▶ [Supplied data]:
──────────────────────────────

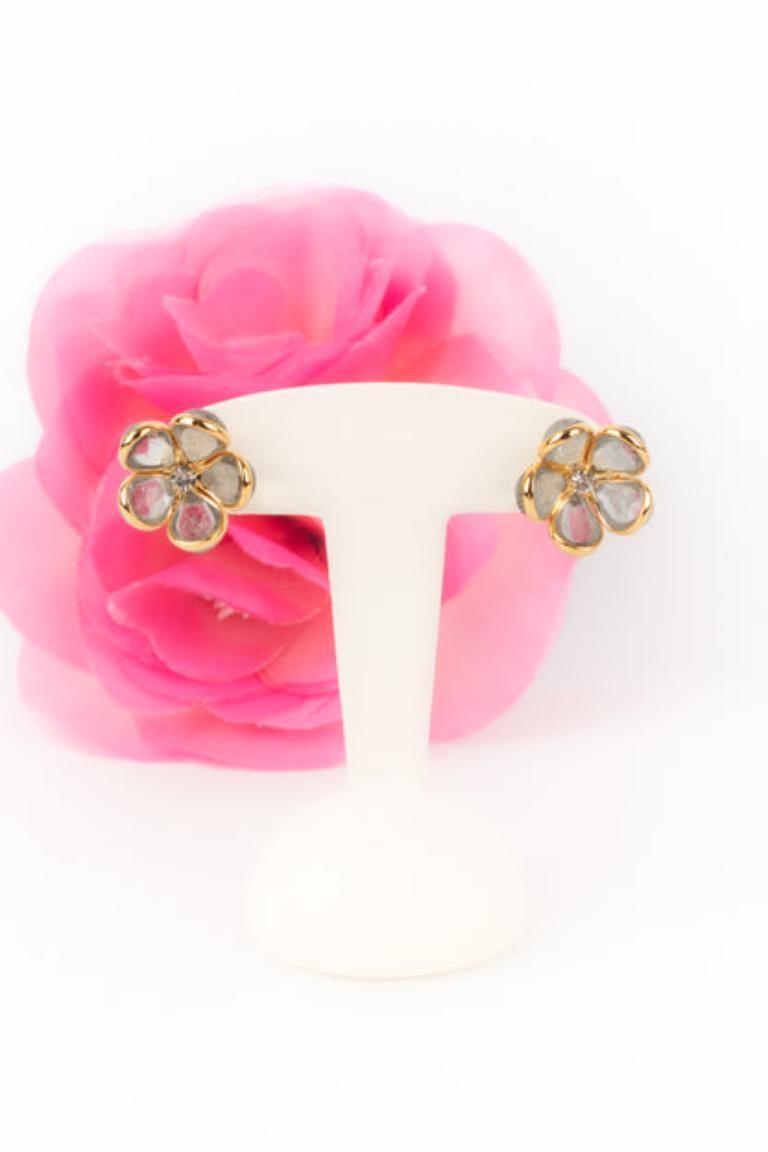 Orecchini in metallo dorato Augustine con strass in vendita 3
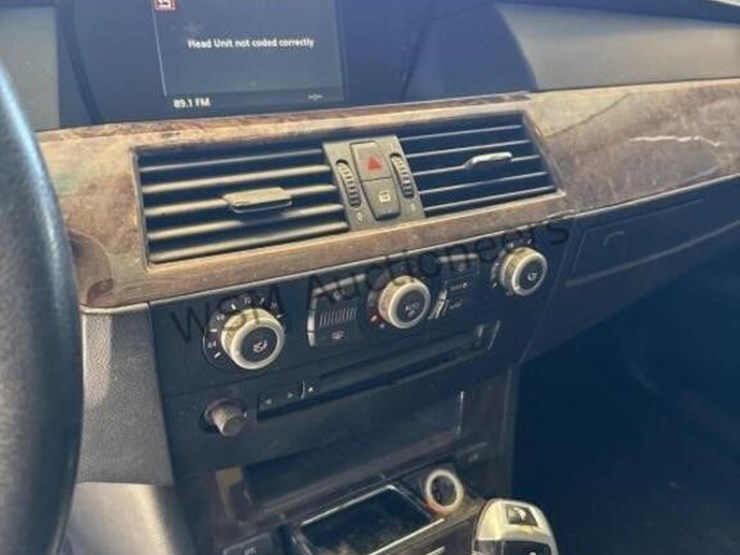 2008-bmw-528i-sdn-image-17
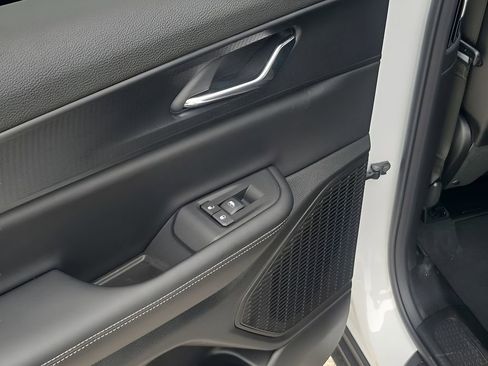 New 2025 Jeep Grand Cherokee L Laredo image 46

──────────────────────────────

▶ [Instructions for the task]:
Please repeat the listing above word for word, with the pictures removed.

▶ [Expected output]:
 Orecchini in metallo dorato Augustine con strass in vendita 3
 2008-bmw-528i-sdn-image-17
 New 2025 Jeep Grand Cherokee L Laredo image 46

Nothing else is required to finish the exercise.